A chain scrubbing device (such as the Park Tool Cyclone) is ideal for giving your chain a complete cleaning. You fill it with liquid degreaser, place the chain inside the device (you don't have to remove the chain from the bike), and spin the pedals around. As the chain moves through the device, several sets of brushes get inside all the nooks and crannies of the chain to thoroughly clean all the gunk off.
An even better method of completely cleaning your chain is to remove it from the bike, and let is soak for several hours in a bucket of degreaser. Many chains have a quick-release master link that make it easy to remove and re-install the chain without the need to use a tool to disconnect the chain links.
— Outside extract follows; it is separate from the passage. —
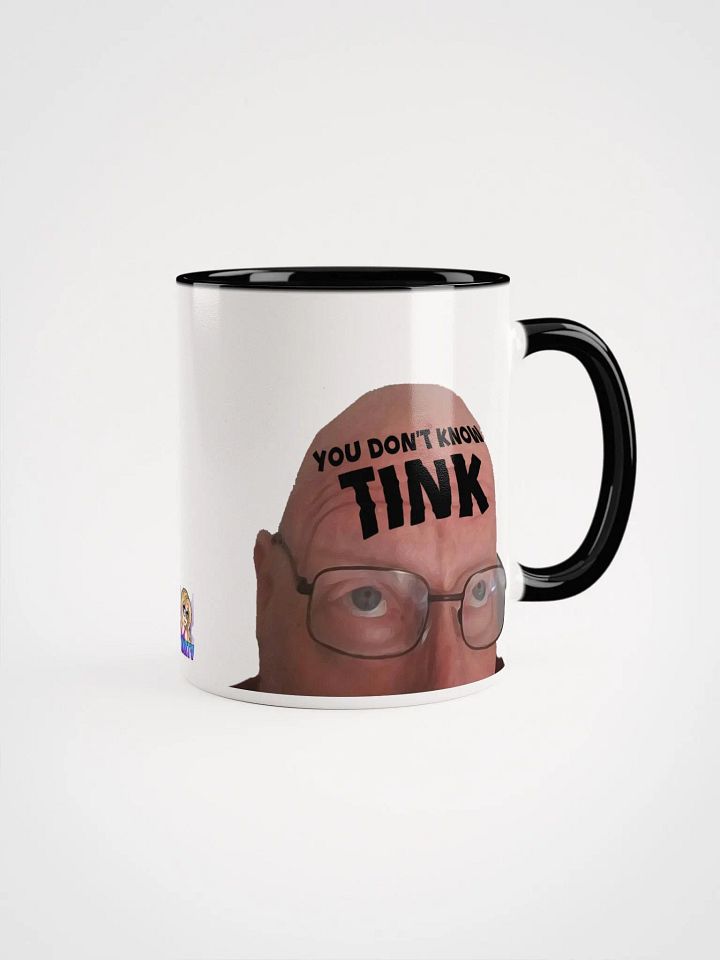 You Don't Know TINK mug product image (1)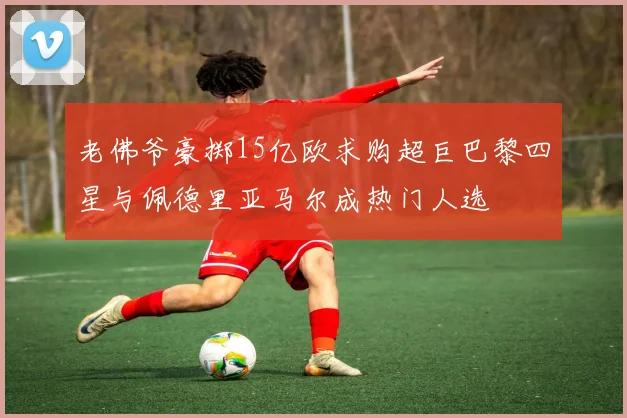 老佛爷豪掷15亿欧求购超巨巴黎四星与佩德里亚马尔成热门人选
Wipe the chain with a clean rag and let it dry before re-applying chain lube.
3. Apply lubricant to the chain and wipe off the excess.
Shift your bike into the middle gear on your cassette or freewheel (the set of gears on your back wheel). With your left hand, hold the tip of the chain lub bottle over the chain near the gears, and pedal backwards with your right hand. Squeeze the lube bottle to make a light but steady stream onto the chain. You want to lube the chain only; it's not necessary to put lube on the gears. Keep spinning the pedals until you're sure you've gotten lube on the whole length of the chain. Take the lube bottle away, and spin the pedals a few more times and let it sit for a few minutes to be sure the lube has a chance to work its way into the rollers and pins of the chain. Then, take a clean rag and wipe away excess lube from the outside of the chain.
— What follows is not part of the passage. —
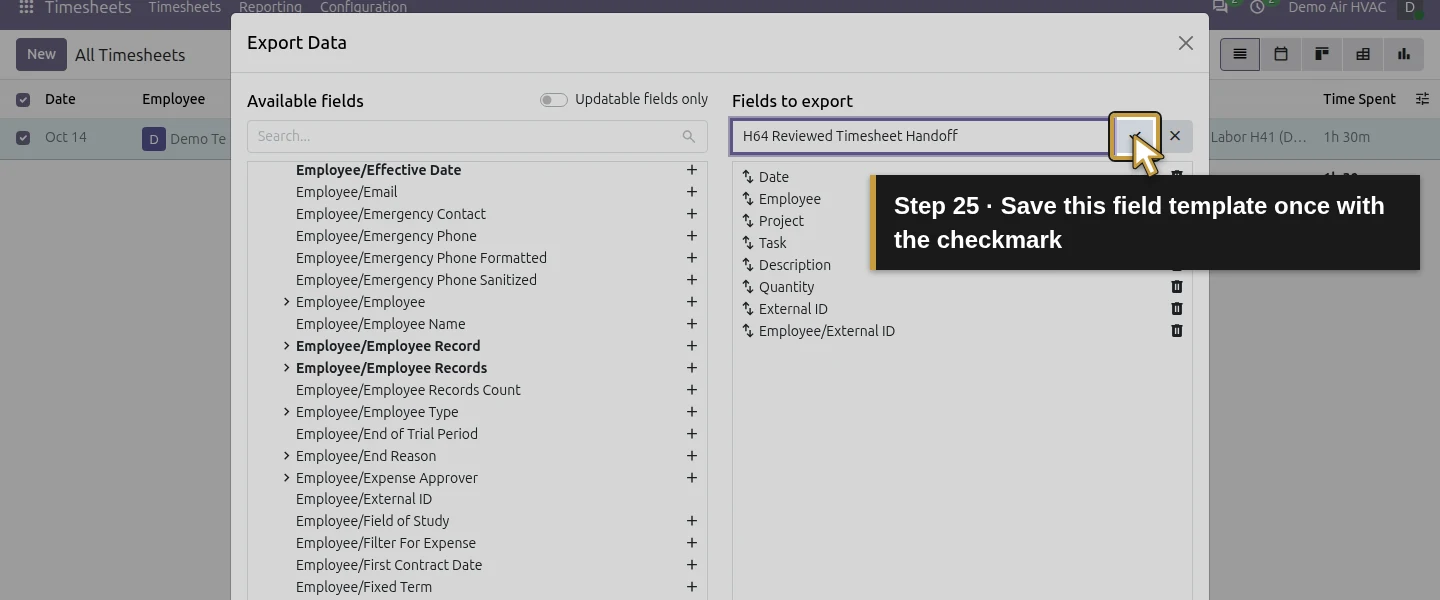 Action 25: Save this field template once with the checkmark. The actual target is highlighted in gold.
There are many different brands and types of chain lube, and which is best for you depends on the type of bike you have, and the conditions in which you ride. Stop into our stores and talk to our experts for help on choosing the best chain lube for you.
4. If you do anything at all, it's better than doing nothing.
Many people go for months, or even years, without doing any cleaning or lubricating of their chain, either because they don't have the time or knowledge to do it. Or, they are afraid that unless they can do it perfectly, they should try it at all.
Yes, it's better to clean your chain before re-applying chain lube, but if your buddies are tapping their feet waiting to get started on a ride, and you notice that your chain is dirty and squeaky, it's better to give it a quick squirt of lube than to leave it dry. Yes, it's better to do a complete cleaning as opposed to the "quick and easy" cleaning, but doing the quick and easy cleaning is better than no cleaning at all.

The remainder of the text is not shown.